MATERIAL FOR THE TASK.
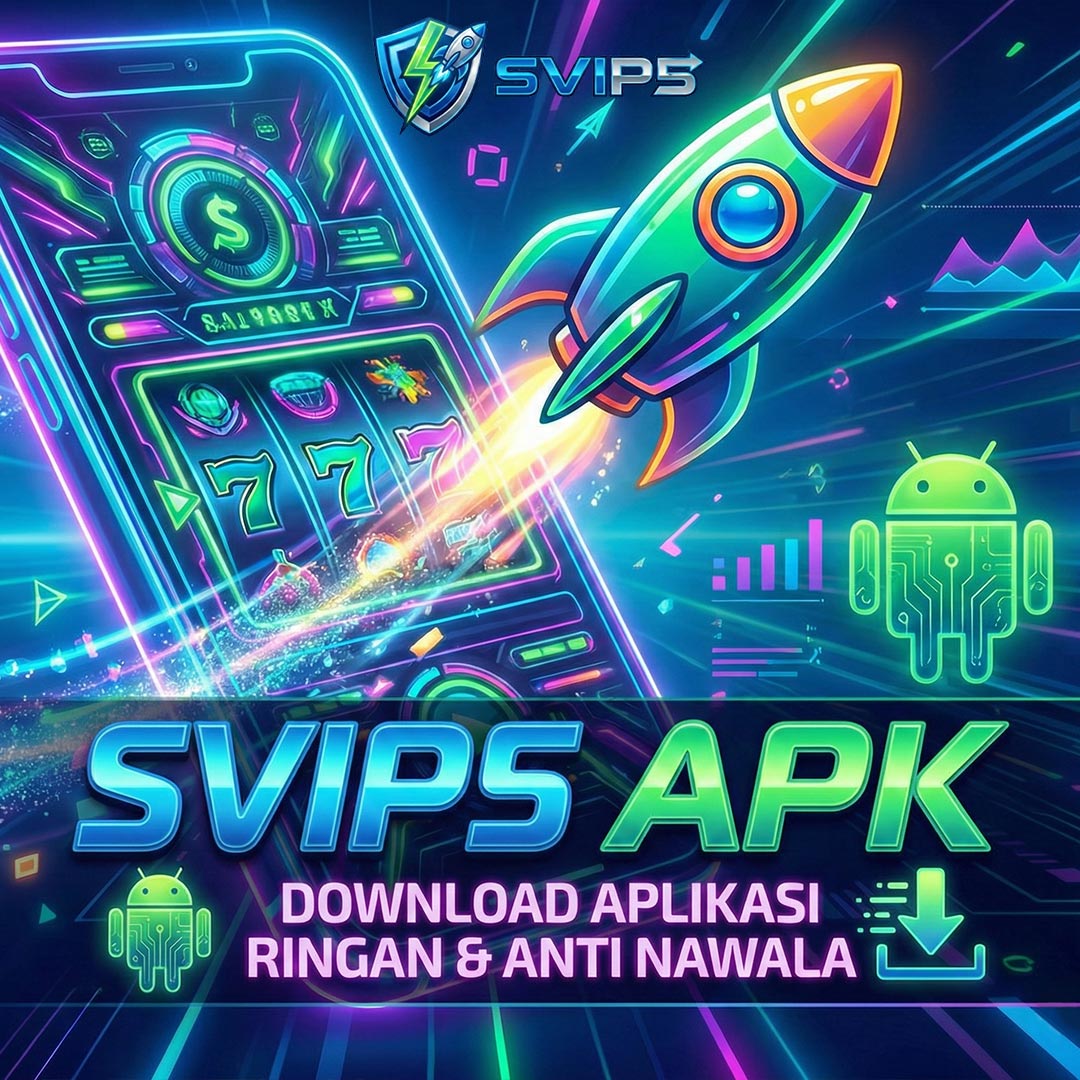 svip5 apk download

...

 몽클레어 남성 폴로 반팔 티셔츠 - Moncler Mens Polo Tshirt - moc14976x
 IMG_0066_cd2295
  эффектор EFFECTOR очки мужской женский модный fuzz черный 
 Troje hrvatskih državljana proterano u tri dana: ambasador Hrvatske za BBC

REQUIRED WORK.
What is asked for is an exact copy of the lines above from the one containing "몽클레어 남성 폴로 반팔" through the one containing "Troje hrvatskih državljana", and only those.

ANSWER BELOW.
 몽클레어 남성 폴로 반팔 티셔츠 - Moncler Mens Polo Tshirt - moc14976x
 IMG_0066_cd2295
  эффектор EFFECTOR очки мужской женский модный fuzz черный 
 Troje hrvatskih državljana proterano u tri dana: ambasador Hrvatske za BBC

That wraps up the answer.